There’s no room for a sofa or wardrobes as he needs floorspace to move around so he has to hang clothes on a rail from the ceiling.  

He had to sell the family home after losing his business while he was in hospital for six months after his accident.

He has been on the council's housing waiting list for more than a year, but says he was forced to move into his current flat because it was the only place he could afford."If I didn’t get somewhere like this, then I was going to be put into a care home or a sheltered accommodation, where I would get left, probably for three or four years until I got social housing, and then I wouldn't be able to have my kids." 

"I only signed six months to start with because I thought I would get some sort of social housing quicker.

"As soon as that six month was up, the rent went up, but now it is on a rolling contract and [the landlord] can put it up whenever he wants."

Emily Riley still lives with her parents says she feels 'trapped' due to a lack of suitable, affordable homes for those with disabilities Credit: ITV Granada

Emily Riley from Radcliffe, Bury, and her mother spend a lot of time looking at different properties.

Emily, who has cerebral palsy, is keen to move into her own place but finding an accessible and affordable home is proving a problem.

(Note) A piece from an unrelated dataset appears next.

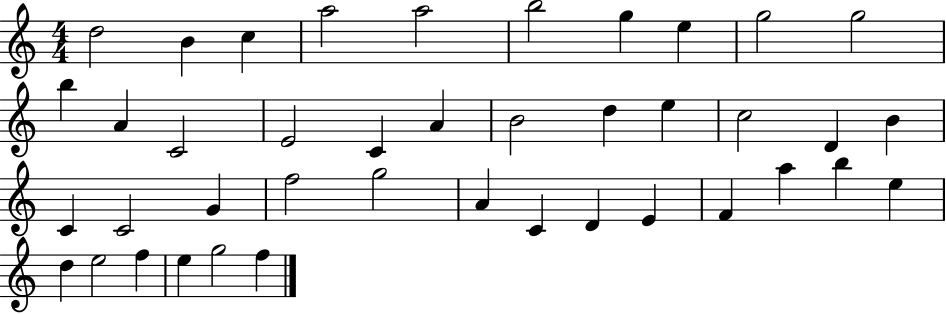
D5/h B4/q C5/q A5/h A5/h B5/h G5/q E5/q G5/h G5/h B5/q A4/q C4/h E4/h C4/q A4/q B4/h D5/q E5/q C5/h D4/q B4/q C4/q C4/h G4/q F5/h G5/h A4/q C4/q D4/q E4/q F4/q A5/q B5/q E5/q D5/q E5/h F5/q E5/q G5/h F5/q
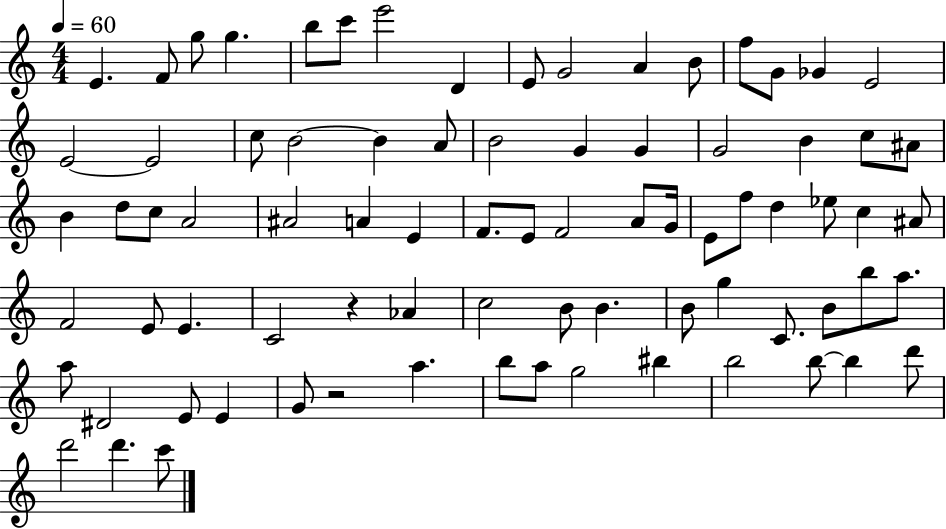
E4/q. F4/e G5/e G5/q. B5/e C6/e E6/h D4/q E4/e G4/h A4/q B4/e F5/e G4/e Gb4/q E4/h E4/h E4/h C5/e B4/h B4/q A4/e B4/h G4/q G4/q G4/h B4/q C5/e A#4/e B4/q D5/e C5/e A4/h A#4/h A4/q E4/q F4/e. E4/e F4/h A4/e G4/s E4/e F5/e D5/q Eb5/e C5/q A#4/e F4/h E4/e E4/q. C4/h R/q Ab4/q C5/h B4/e B4/q. B4/e G5/q C4/e. B4/e B5/e A5/e. A5/e D#4/h E4/e E4/q G4/e R/h A5/q. B5/e A5/e G5/h BIS5/q B5/h B5/e B5/q D6/e D6/h D6/q. C6/e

"So my current living arrangement is that I live with my mum and dad. I’m 26 now. I feel like I should be living independently but there is nothing really within my local area that is deemed accessible.

"In an ideal world I would like a ground floor apartment with PAs coming in but it is finding that within my local area, at the right price, with the right team of people.

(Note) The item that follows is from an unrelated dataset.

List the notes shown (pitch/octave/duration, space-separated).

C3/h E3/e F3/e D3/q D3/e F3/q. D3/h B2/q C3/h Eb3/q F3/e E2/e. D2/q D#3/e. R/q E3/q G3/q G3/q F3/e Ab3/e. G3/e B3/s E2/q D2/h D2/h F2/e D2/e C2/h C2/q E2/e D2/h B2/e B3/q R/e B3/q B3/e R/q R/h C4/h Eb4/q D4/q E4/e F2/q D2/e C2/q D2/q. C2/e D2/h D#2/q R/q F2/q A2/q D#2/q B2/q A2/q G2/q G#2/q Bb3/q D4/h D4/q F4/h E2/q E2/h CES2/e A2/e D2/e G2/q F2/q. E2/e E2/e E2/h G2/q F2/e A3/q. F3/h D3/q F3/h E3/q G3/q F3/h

Emily's mother Karen Riley says the biggest barrier to Emily finding a home of her own is availability."Availability of buildings that are wheelchair accessible, whether it be a ground floor apartment or a bungalow- they just maybe have steps in front of them, they are on a narrow street, pavement parking, there is just nothing out there that I can see. 

"The cost is just so high at the moment. It would have to be social housing for Emily because it is just unaffordable and unavailable."

"A lot of options have been taken away from me." said Emily. "I would just like a little bit of choice about where I can live.

"I don't want sympathy, but maybe a bit of consideration from the people that make the houses in the local area.

"I feel like I cant stay at home forever but at the moment I am stuck in the middle of what is an inaccessible housing crisis."

Watch: Gary Dawson from the Spinal Injuries Association talking to Lucy Meacock and Gamal Fahnbulleh about the lack of accessible housing for disabled people

A spokesperson for the Spinal Injuries Association said "In the last 12 months we have seen an increase in calls to our support line from people across the country who are angry and concerned that they are in unsuitable and unsafe accommodation.

"Some are being discharged from busy hospitals without being assessed correctly and we have heard of young people ending up in care homes alongside people with dementia because there is nothing else available.

"Only yesterday we received a call from a woman who has ended up in a refuge because she had run out of options.

"Spinal Injuries Association are calling for a change to this totally unacceptable situation.

"Regardless of their age, a safe home adapted to meet your needs is the fundamental right of every person with spinal cord injury in the UK. 

"Urgent reform is needed to increase social housing that is integrated into new housing developments in the UK, in particular homes which can be adapted to meet the needs of disabled people."